_Task statement:_ What must be written out is each line from the one holding "Собачки ищут хозяина" through the end of the records, word for word, minus any pictures.

↓↓↓

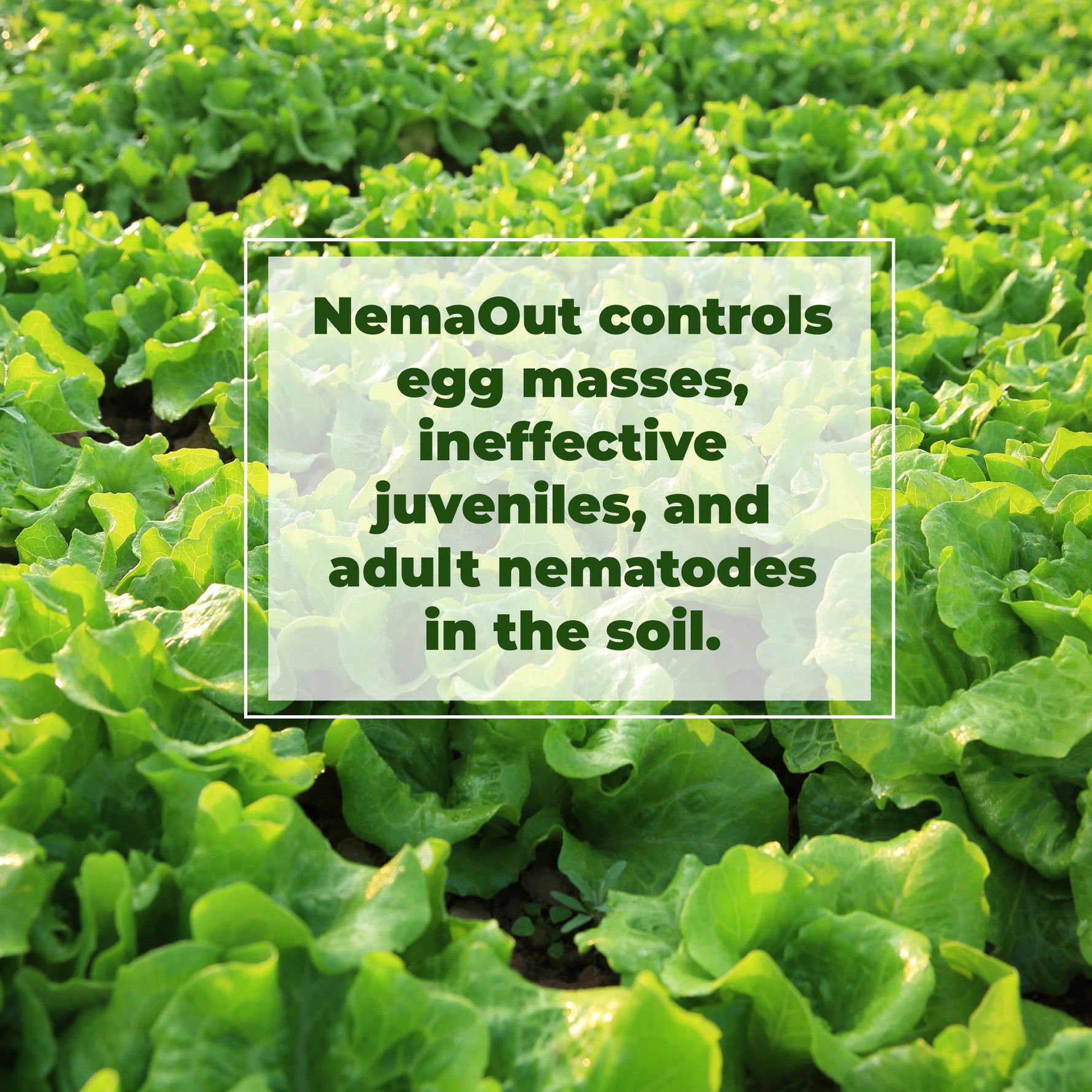 Green leafy plants with text overlay about NemaOut controlling nematodes.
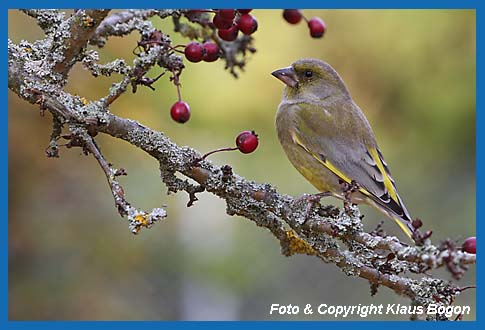 Grnfink Carduelis chloris Mnnchen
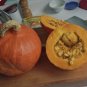 New Arrival 20+Golden Hubbard Winter Squash Seeds~Non GMO-Open Pollinated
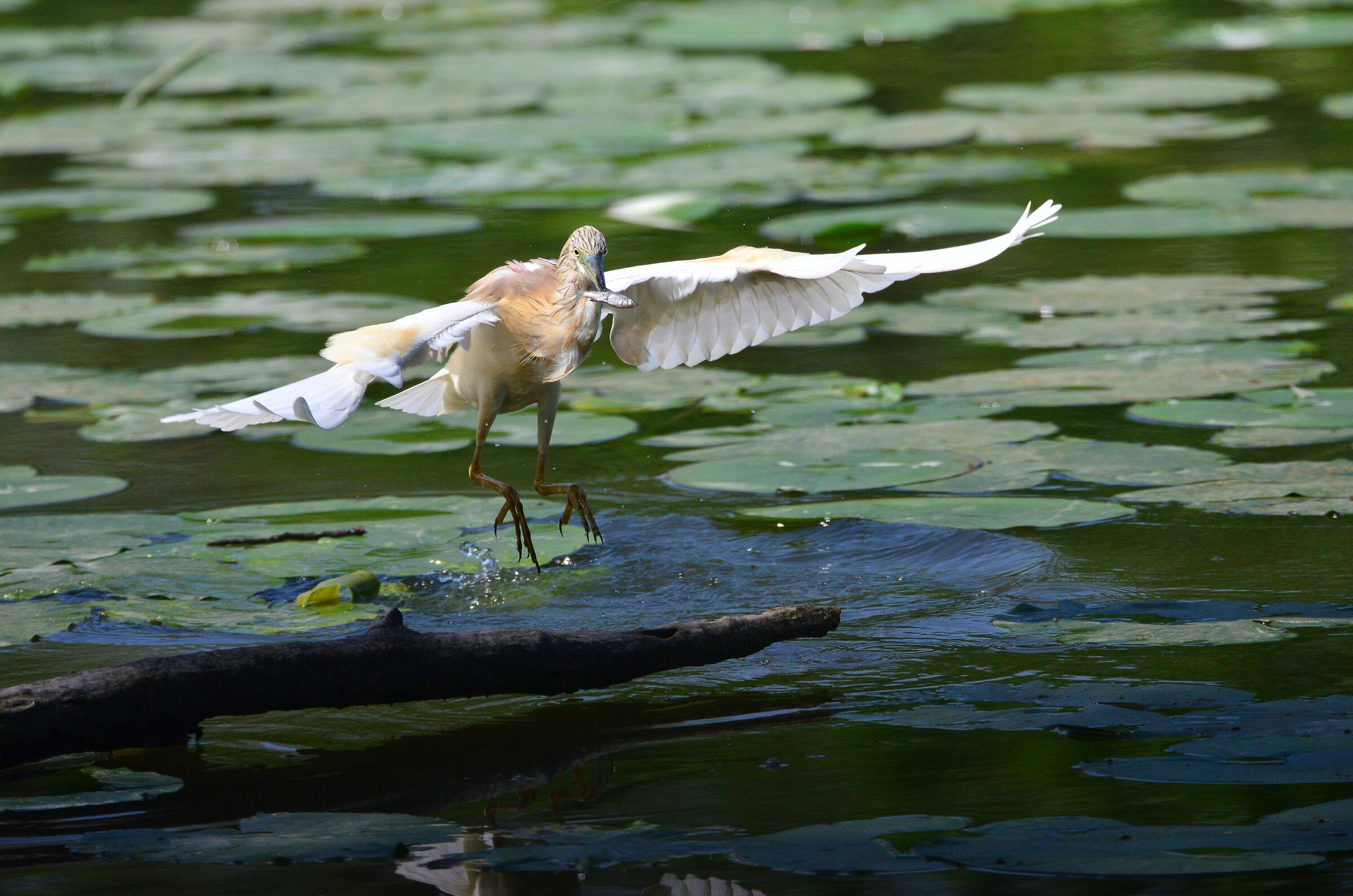 Sgarza Tuft with prey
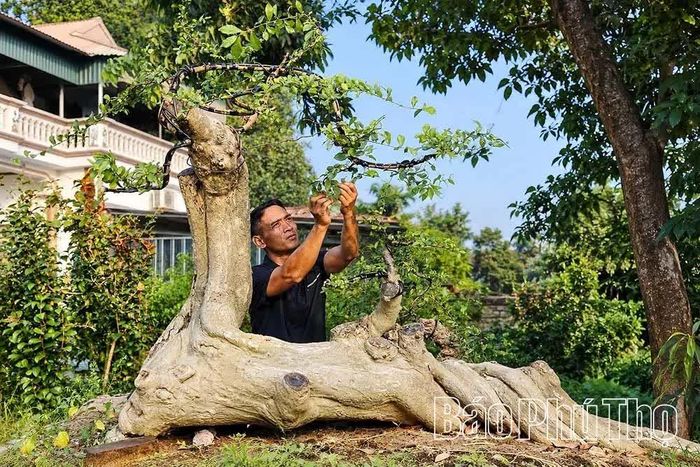 Anh Khổng Văn Quyết với niềm đam mê tạo tác cây cảnh.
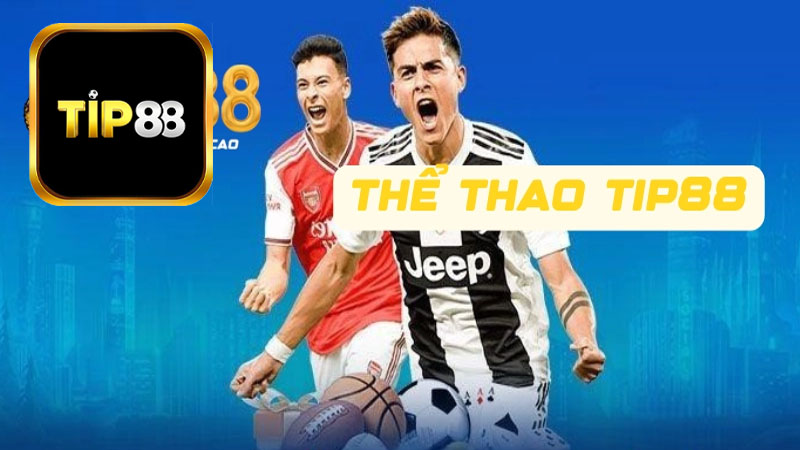 Các loại hình cá cược phổ biến tại thể thao Tip88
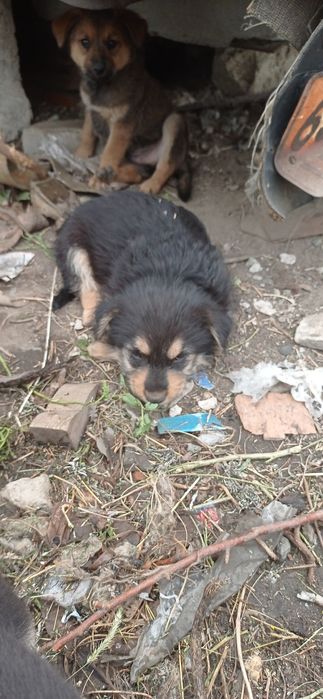 Собачки ищут хозяина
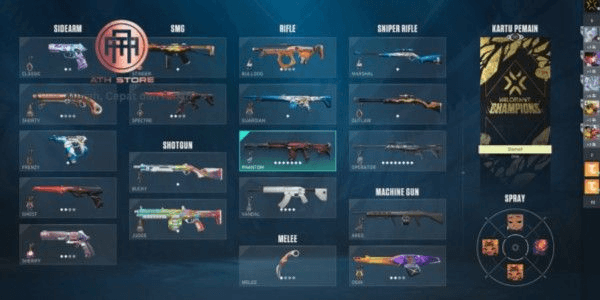 Product Showcase
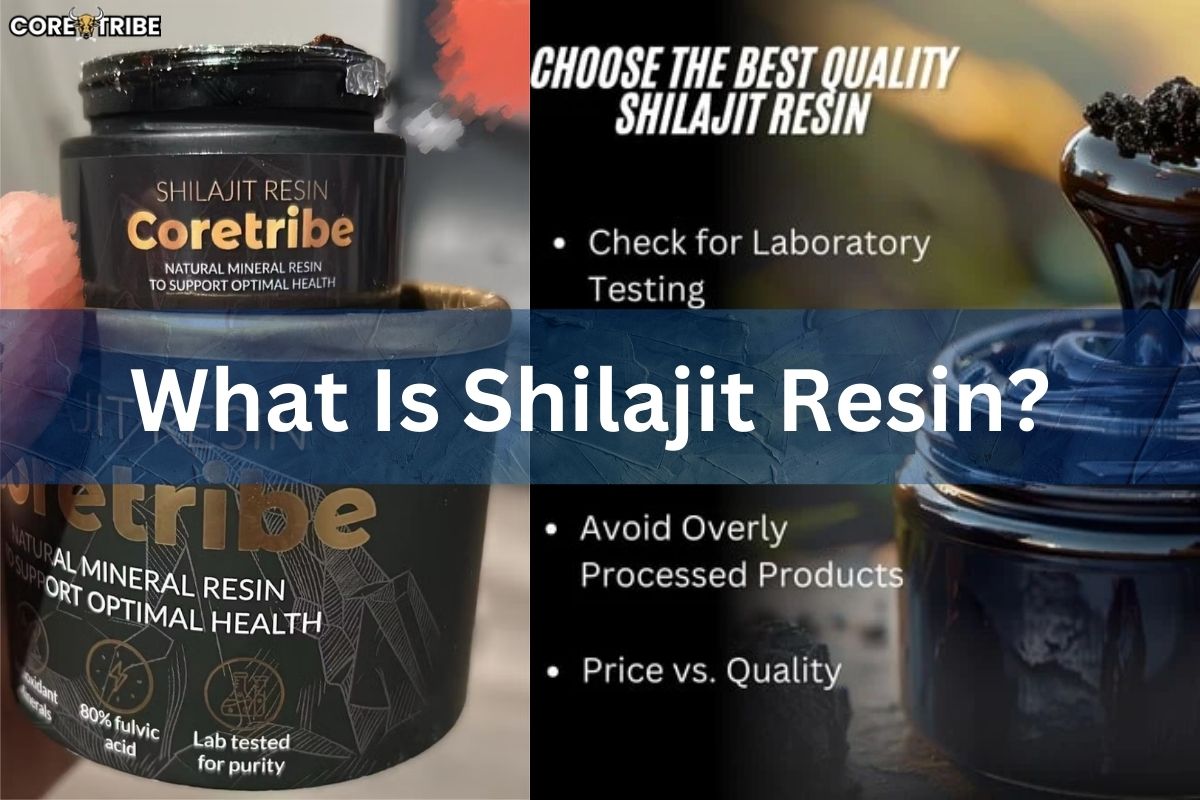 What is Shilajit Resin? Benefits, Uses, Side Effects, and More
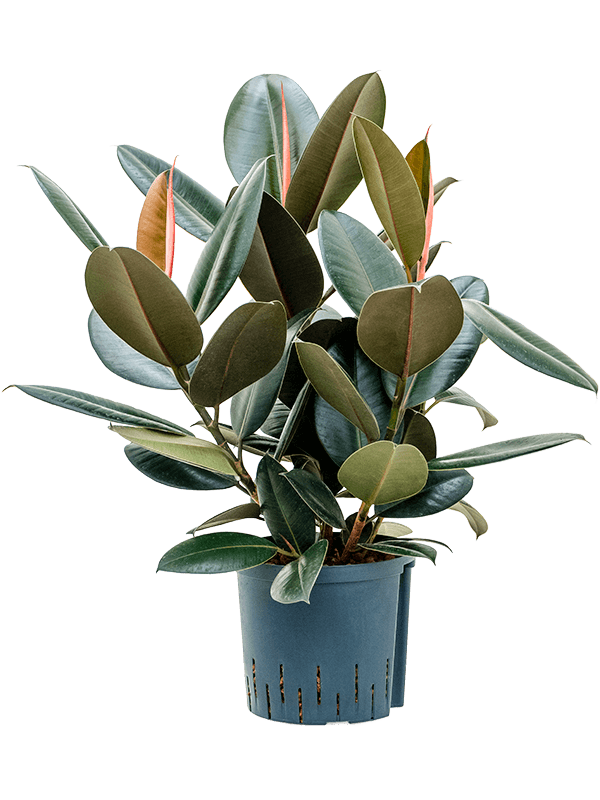 Ficus elastica 'Abidjan'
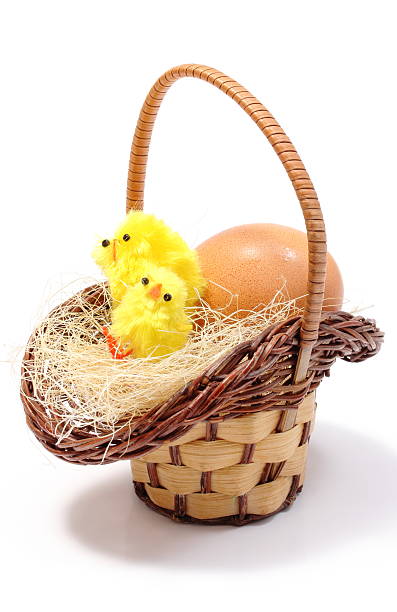 istock Easter chickens in wicker basket and fresh egg 479395485
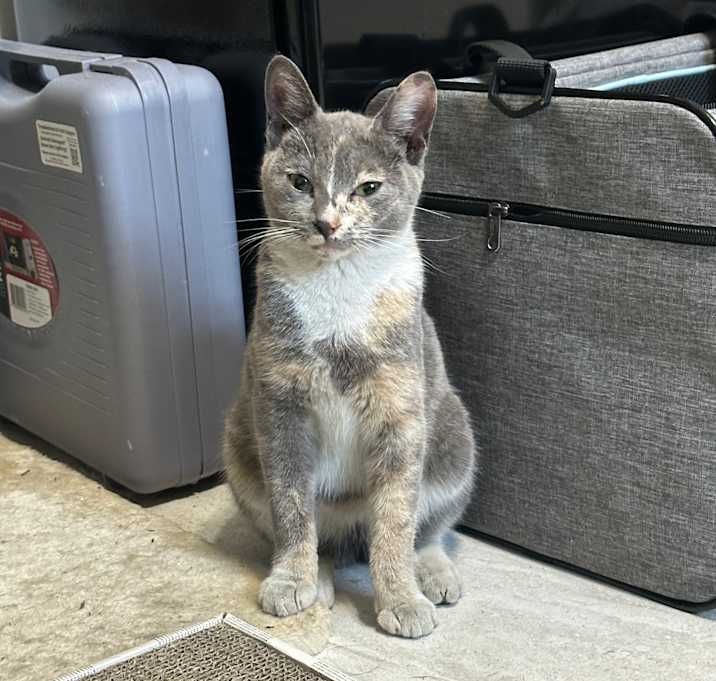 Photo of Kiara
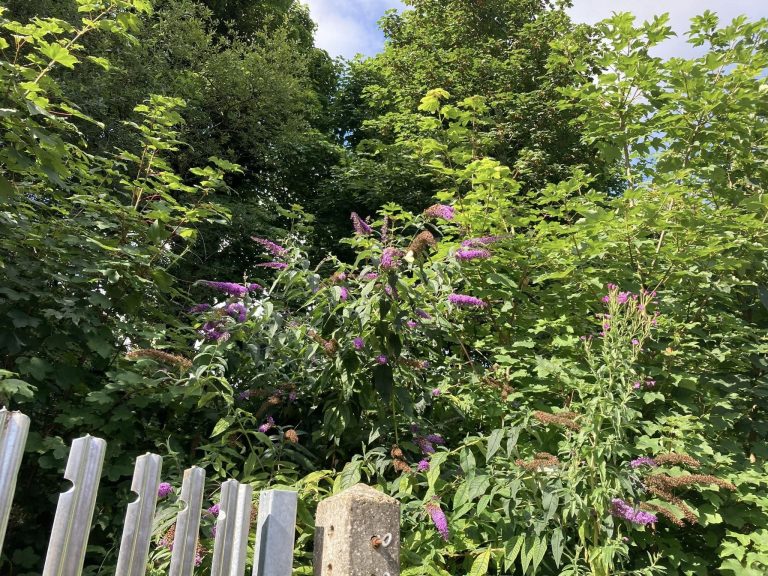 An overgrown area of trees and shrubs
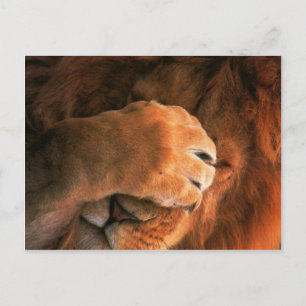 Lion Briefkaart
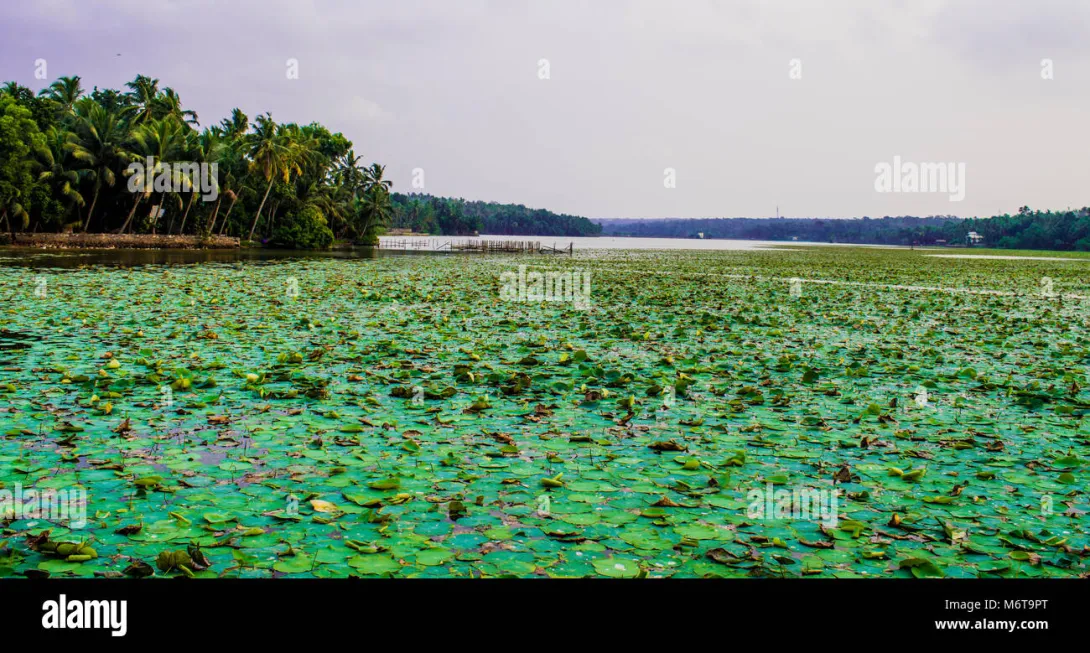 വെള്ളായണി കായൽ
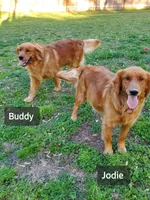 Sugar, a female Golden Retriever for sale in Lowell, AR – 4 of 6
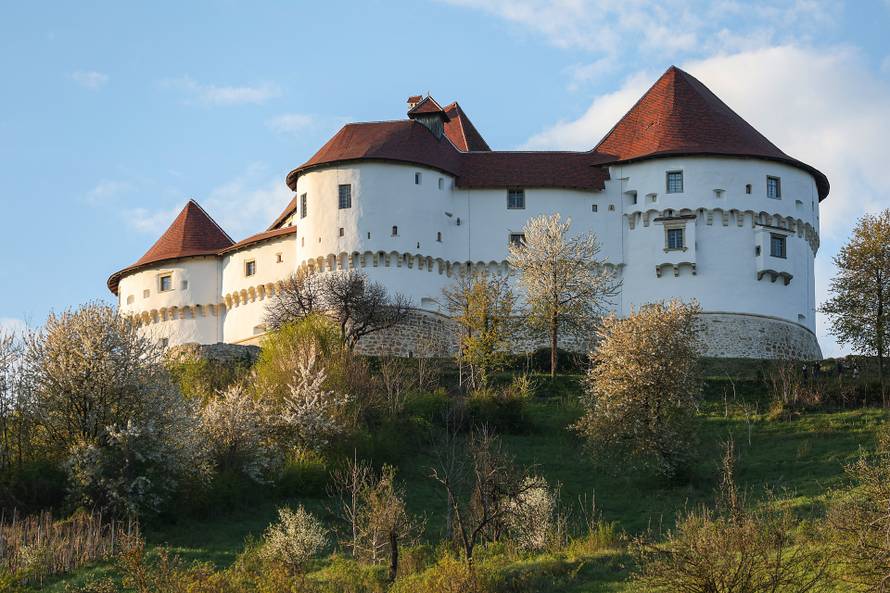 Kod Dvora Velik Tabor top usmrtio muškarca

↑↑↑

_Answer section:_
 Собачки ищут хозяина
 Product Showcase
 What is Shilajit Resin? Benefits, Uses, Side Effects, and More
 Ficus elastica 'Abidjan'
 istock Easter chickens in wicker basket and fresh egg 479395485
 Photo of Kiara
 An overgrown area of trees and shrubs
 Lion Briefkaart
 വെള്ളായണി കായൽ
 Sugar, a female Golden Retriever for sale in Lowell, AR – 4 of 6
 Kod Dvora Velik Tabor top usmrtio muškarca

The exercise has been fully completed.